In the highly anticipated debate, the candidates stayed very close to their carefully-scripted messages.
Outside the hall there was a not so carefully controlled crowd of Brown supporters who got into a shouting match with Whitman backers. There was a little shoving, but nothing that drew the police. Inside the hall 700 seats were left empty because the candidates wanted to keep the audience a bit smaller and controlled.
The first question of the night was on how to fix the state budget impasse, and their answers forecast how the rest of the night would go. Whitman sidestepped the question in favor of outlining her tax cuts.
"We need to eliminate the factory tax so we can hang on to manufacturing jobs. I want to streamline red tape so it's not so hard to do business in California," said Whitman.
Brown said he would get everyone in the Legislature together.
"You start the week after the election, that's what I'll do. I'll bring all 120 together. I don't care if takes 200 hours, 500 hours," said Brown.
Both candidates covered well-worn ground and that's the way much of the debate went.
"My view is he will bring people together after he's elected governor and it'll be a meeting of all the special interests and unions who are there to collect their IOUs from the campaign that they had funded," said Whitman.
"I won't try to respond to that TV commercial, which I've seen so much of ad nauseam, but I will tell you this, one of the target tax cuts is targeted to billionaires like Ms. Whitman and millionaires," said Brown.
On job creation Brown said the state's job future is green.
"You can put people to work by retrofitting the inefficient buildings in California by the hundreds of thousands," said Brown.
Whitman repeated her tax cuts and streamlining regulations.
"The truth is we are not competitive to neighboring states. Thirty or 40 years ago maybe we didn't have so much competition, but we do now," said Whitman.
Both would protect the state's colleges and universities from higher fees, and both would enforce the death penalty. Brown favors a path to citizenship for those in the country illegally, and Whitman does not, but she does support a guest worker program.
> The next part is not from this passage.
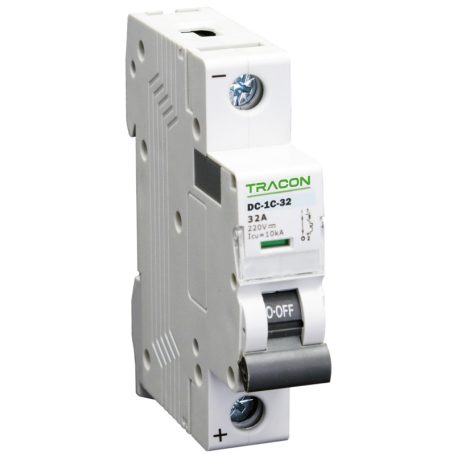 Tracon 40A, 220V DC DC-1C-40 Egyenáramú kismegszakító PV rendszerekhez, 1 pólus, C kar. 5997374187633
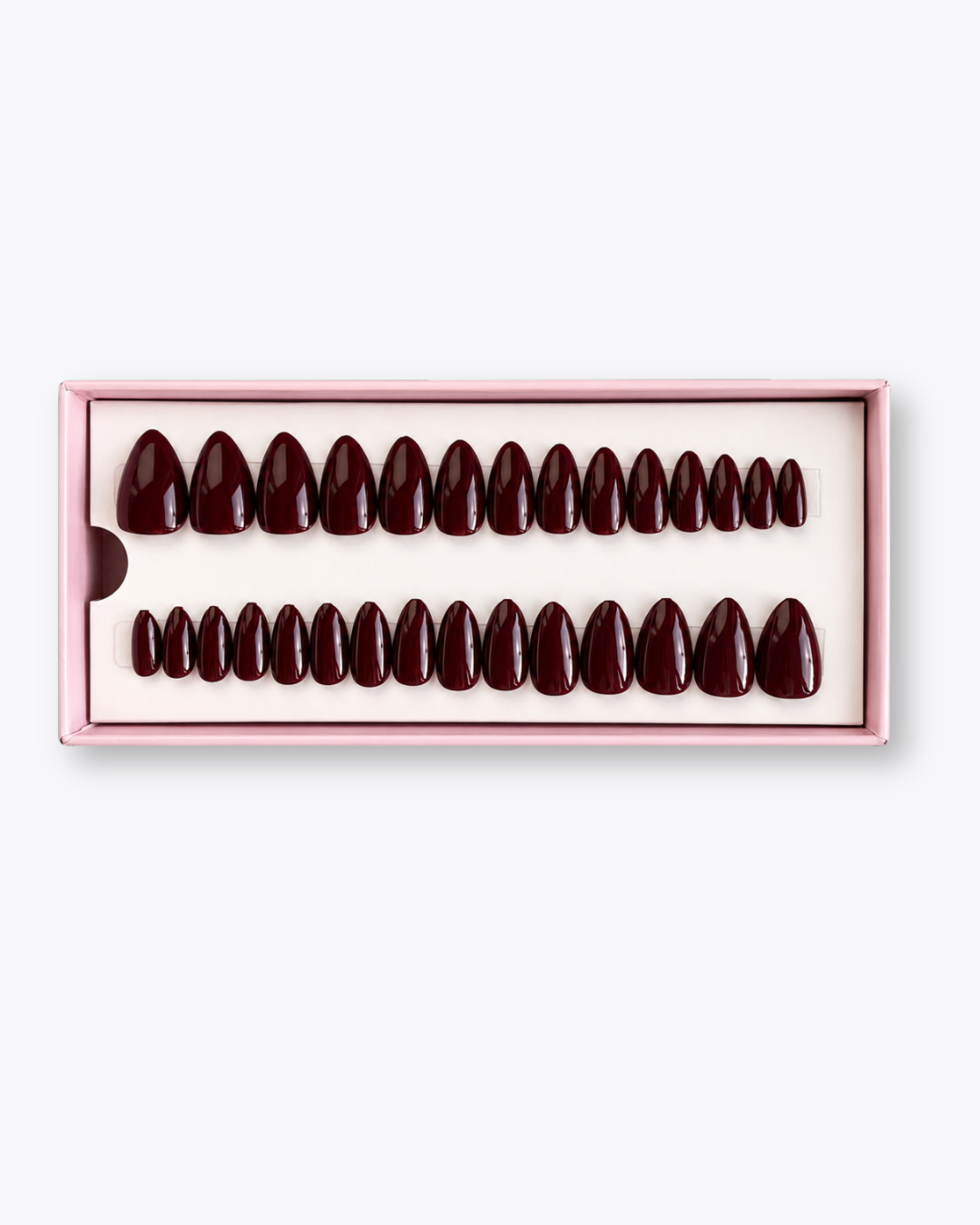 Wine Red Short Almond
One of the very few unscripted moments of the night came when Brown was asked about his penchant for running for president. The question was asked, "What assurances can you offer that this time around should you be elected you world focus on this job?"
"Age. Hell, if I was younger, you know I'd be running again," said Brown and he added this time around he's married. "I'd come home at night. I don't try to close down the bars in Sacramento like I used to do when I was governor of California."
By contrast Whitman never wavered from her message.
"Putting Jerry Brown in charge of negotiating with the labor unions, around pensions, around how many people we have in the state government, is like putting Count Dracula in charge of the blood bank," said Whitman.
After the debate Whitman told reporters she thought the debate went well. Brown bypassed the spin room and went outside to shake hands with members of the audience.
The debate was kind of a condensed version of the campaign we have seen so far, and Whitman did tell reporters she thinks there is much more that could be covered.
The next debate is this Saturday in Fresno.